## [INPUT DATA]
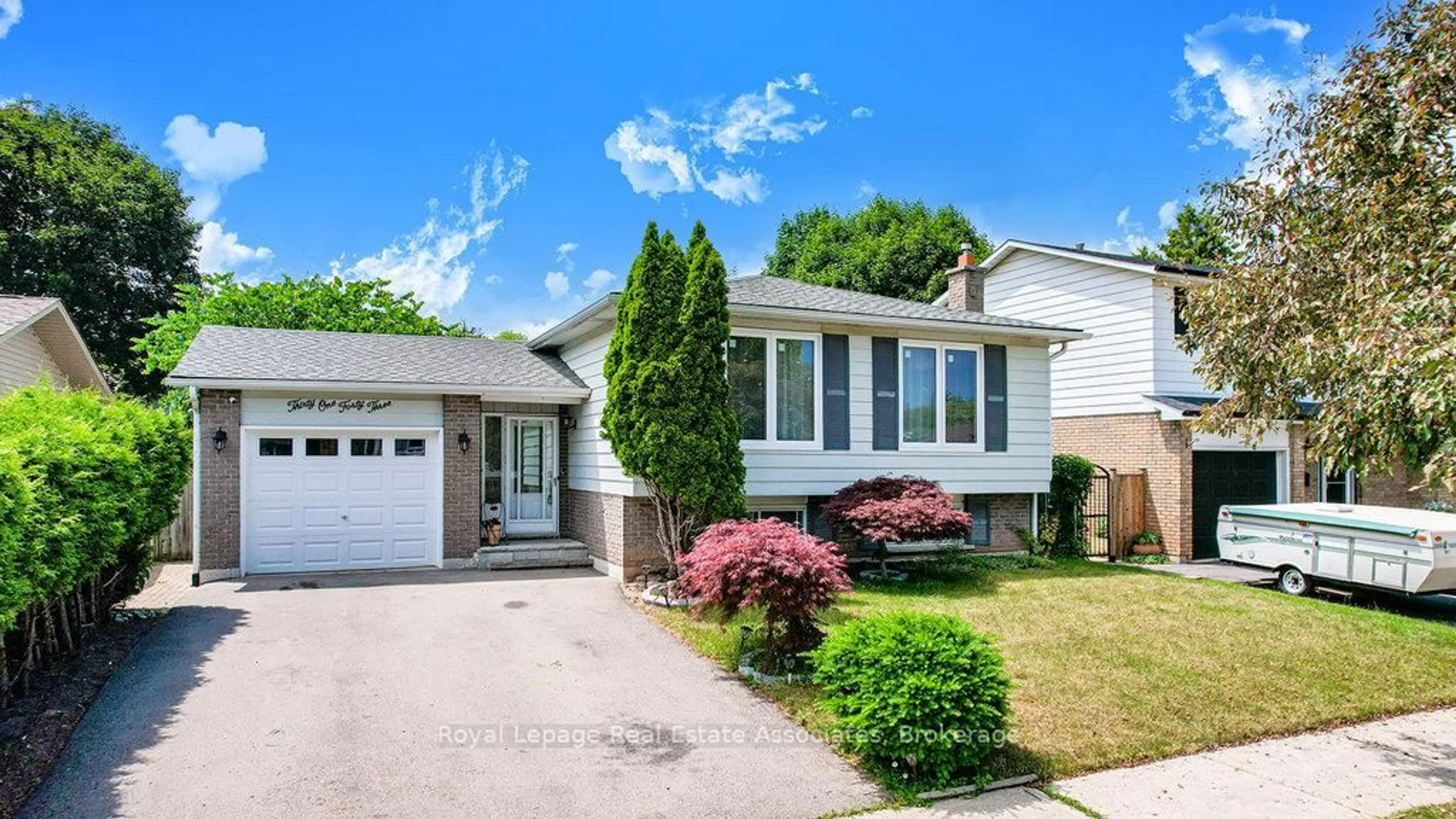 Home with vinyl exterior material, street for 3143 Michael Cres, Burlington Ontario L7M 1V3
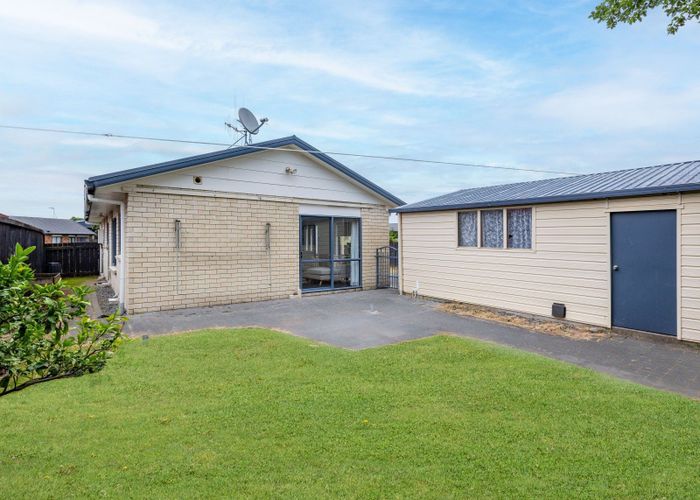  at 8 Harvard Court, Melville, Hamilton, Waikato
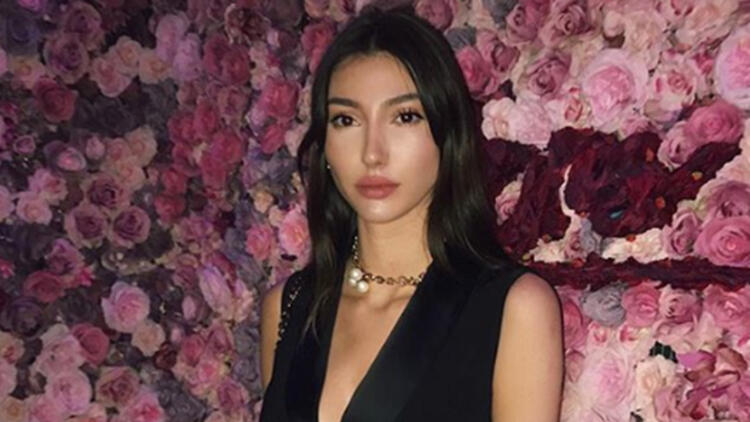Miss Turkey 2018 birincisi Şevval Şahin den bir garip Kovid 19 açıklaması
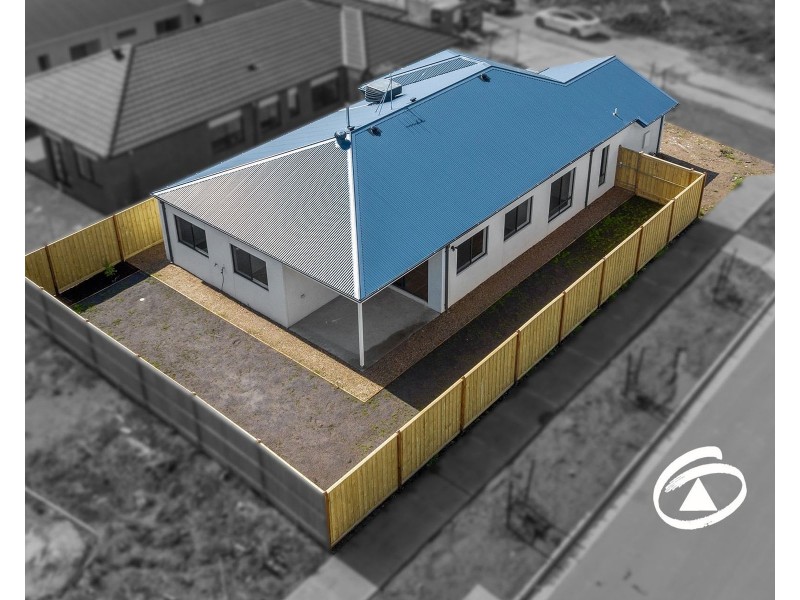 1 Veal Court, Clyde North VIC 3978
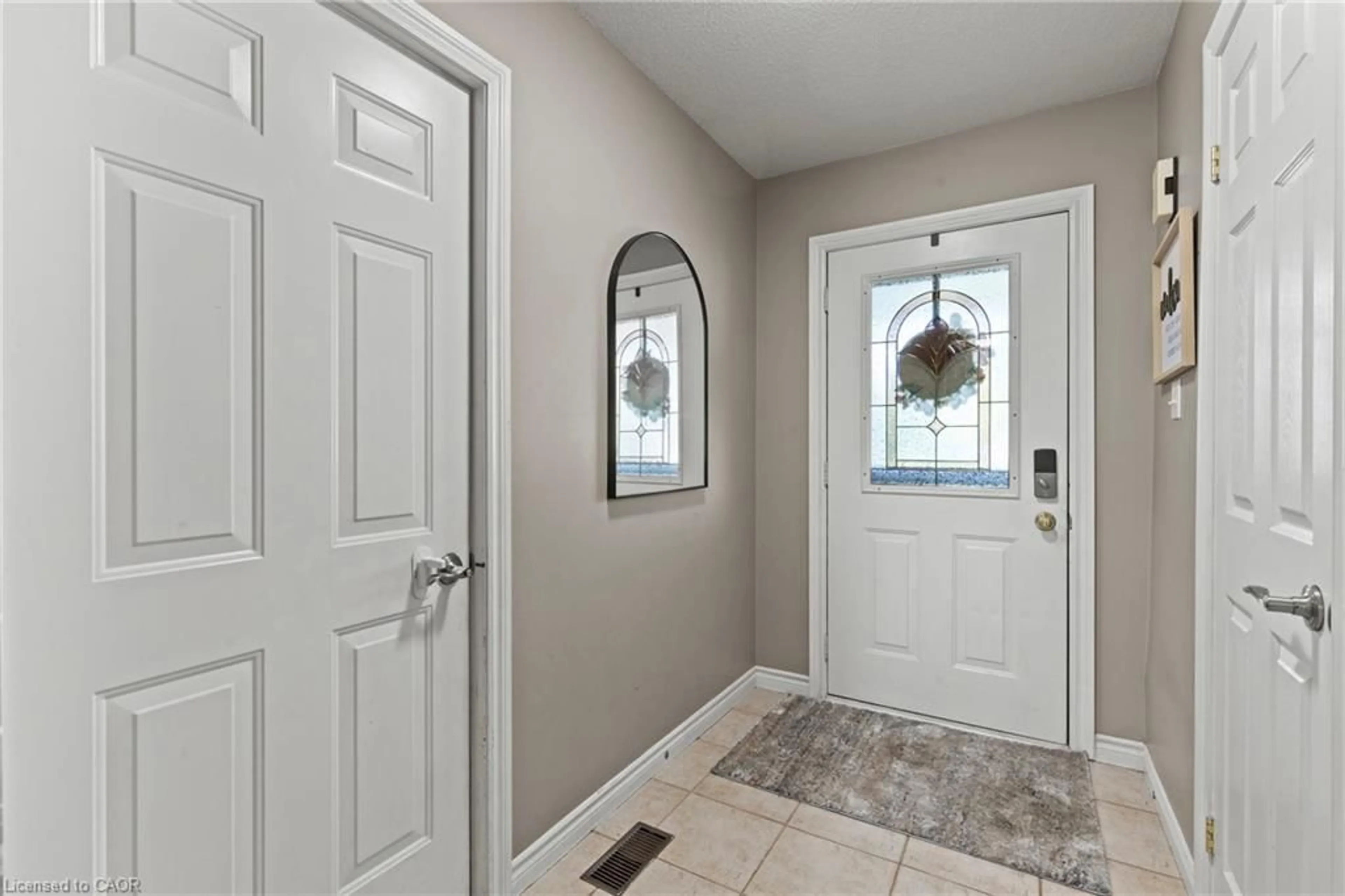 Indoor entryway for 30 Braemar Ave #55, Caledonia Ontario N3W 2M1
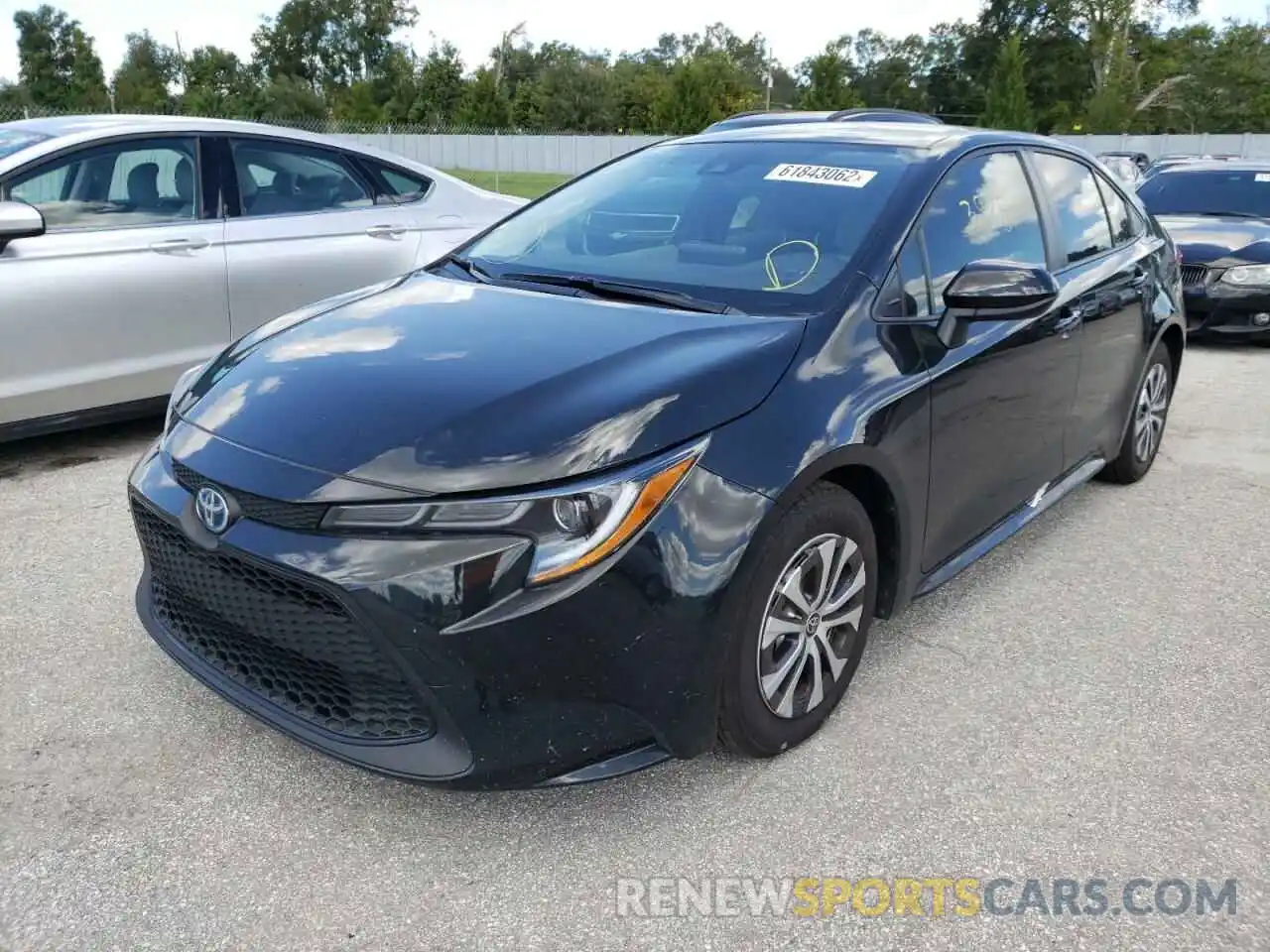 2 Photograph of a damaged car JTDEAMDE1NJ059897 TOYOTA COROLLA 2022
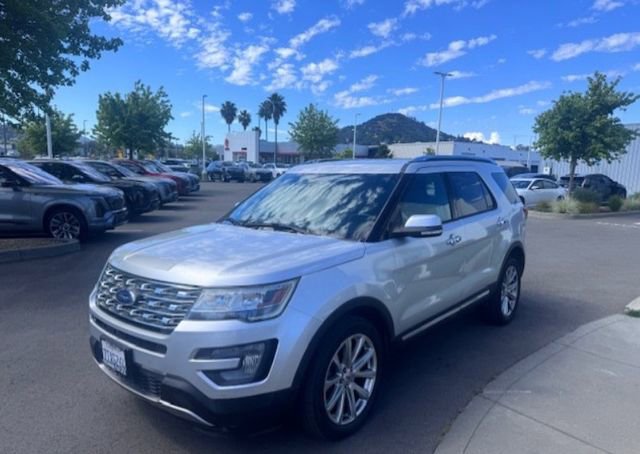 Used 2017 Ford Explorer Limited image 3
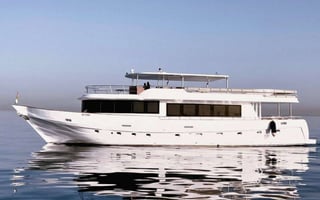 100ft Superyacht Dubai | Ultra-Luxury Private Party Charter & VIP Cruise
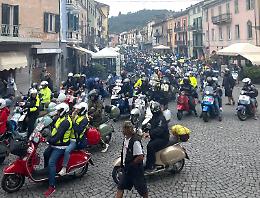 Oltre 500 Vespe invadono il Borgo più bello d’Italia 
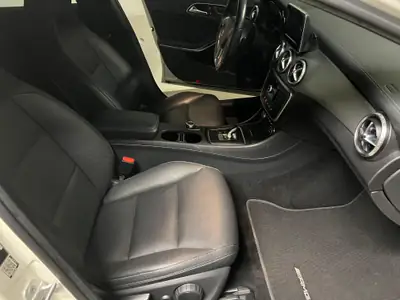 Mercedes-Benz GLA 45 AMG 4MATIC — SUV compact haute performance, 360 ch et traction intégrale — Miniature 9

## [TASK DIRECTIONS]
After removing each picture, print the entries above exactly as they were.

## [RESPONSE BELOW]
 Home with vinyl exterior material, street for 3143 Michael Cres, Burlington Ontario L7M 1V3
  at 8 Harvard Court, Melville, Hamilton, Waikato
Miss Turkey 2018 birincisi Şevval Şahin den bir garip Kovid 19 açıklaması
 1 Veal Court, Clyde North VIC 3978
 Indoor entryway for 30 Braemar Ave #55, Caledonia Ontario N3W 2M1
 2 Photograph of a damaged car JTDEAMDE1NJ059897 TOYOTA COROLLA 2022
 Used 2017 Ford Explorer Limited image 3
 100ft Superyacht Dubai | Ultra-Luxury Private Party Charter & VIP Cruise
 Oltre 500 Vespe invadono il Borgo più bello d’Italia 
 Mercedes-Benz GLA 45 AMG 4MATIC — SUV compact haute performance, 360 ch et traction intégrale — Miniature 9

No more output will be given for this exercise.